To stop this violence against the development workers, various groups launched a campaign opposed to the Philippine government’s war against the people, of which last Saturday’s concert was one of the activities.
To support the campaign seeking to put a stop to the killings and harassment of development workers, the Assert Socio-Economic Initiatives Network (ASCENT-Philippines), Philippine Network of Food Security Programs, Alay-Bayan Luson, Inc., Musika Publiko and KM64, sponsored a concert and poetry reading dubbed as Ipagtanggol, Defend Development Workers.
Outside the concert venue, their organizations brought products of their projects in the communities – mangoes, peanut and peanut butter, herbal medicines and ointment, wallets, bags and pouches, fashion accessories, organic rice and fruits, cookies, fruit wines, juices and coconut oil, among others.
Development work ‘only for love’
Karl Ramirez, vocalist and songwriter for the band called Pordalab which performed at the concert “Ipagtanggol, Development Workers,” said their music tackles not only what the people are fighting for but also the many other aspects of the ordinary peoples’ lives. It included love, getting heartbroken, and continuing to stay open for loving once more, said Ramirez.
The band fuses their music with their challenge to themselves: “We perform to inspire people to love.
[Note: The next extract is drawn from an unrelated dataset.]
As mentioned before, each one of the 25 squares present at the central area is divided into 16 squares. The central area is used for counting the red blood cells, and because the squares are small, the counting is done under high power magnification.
We perform to encourage people to care about others and our country.”
Indeed, at the concert, the participating musicians led by the more experienced Talahib offered compositions about the ordinary people and their hard working lives, about farmers and about the indigenous people. Talahib’s songs “Bumangon ka Kaigorotan” and their catchy version of “On Potok,” a song of the Dumagat tribe, gave tribute to the tribes’ defense of the land and its rivers from multinational corporations’ intrusion.
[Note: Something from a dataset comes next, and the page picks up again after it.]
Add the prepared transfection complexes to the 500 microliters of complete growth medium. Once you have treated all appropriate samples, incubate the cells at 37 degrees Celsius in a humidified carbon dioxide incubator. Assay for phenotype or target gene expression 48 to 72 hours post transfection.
Talahib https://talahibpeoplesmusic.blogspot.com/p/talahib-album.html is a music band with a strong voice and identification with the ordinary hard working people. Their repertoire included original danceable tunes, blues, folk and rock. They blend into their music the stories of the progressive sections of the people, the contemporary music with the indigenous sounds and instruments.
Talahib has been performing since 2001 and immersing with the indigenous peoples, absorbing in the process their music and culture. Onstage the group radiated energy and solid identification with IPs. They have been wowing crowds at performances in public parks and other musical venues.
Toward the end of the concert, Lani Santiago, spokesperson of Justice for Willem Geertman Movement, thanked the musicians, the poets and the rest of the development workers who took part in the concert. She also honored one of the concert-goers, Sister Ateng, or Cecile Ruiz, a 79-year old human rights worker who has worked for years with Geertman, traversing to organize the communities in the mountains of Central Luzon.
Ruiz would turn 80 years old in September, and she remains working in support of human rights. Before attending the concert, she just wrapped up with fellow rights advocates a fact-finding mission report into the rights violation case of Rommel Tucay, 38 a peasant organizer of the Alyansa ng Magbubukid sa Gitnang Luzon (AMGL). Their investigation revealed that Tucay was abducted and tortured by 30 composite elements of the 73rd Infantry Brigade and 56th Infantry Battalion of the Philippine Army, and the Philippine National Police in Caranglan, Nueva Ecija on March 22.
She said they are bound to issue the report as soon as possible in their quest for justice. She fully agrees with how the concert was concluded with a couple of poems and a line that goes like this: “They try to bury us. They didn’t know we are seeds.”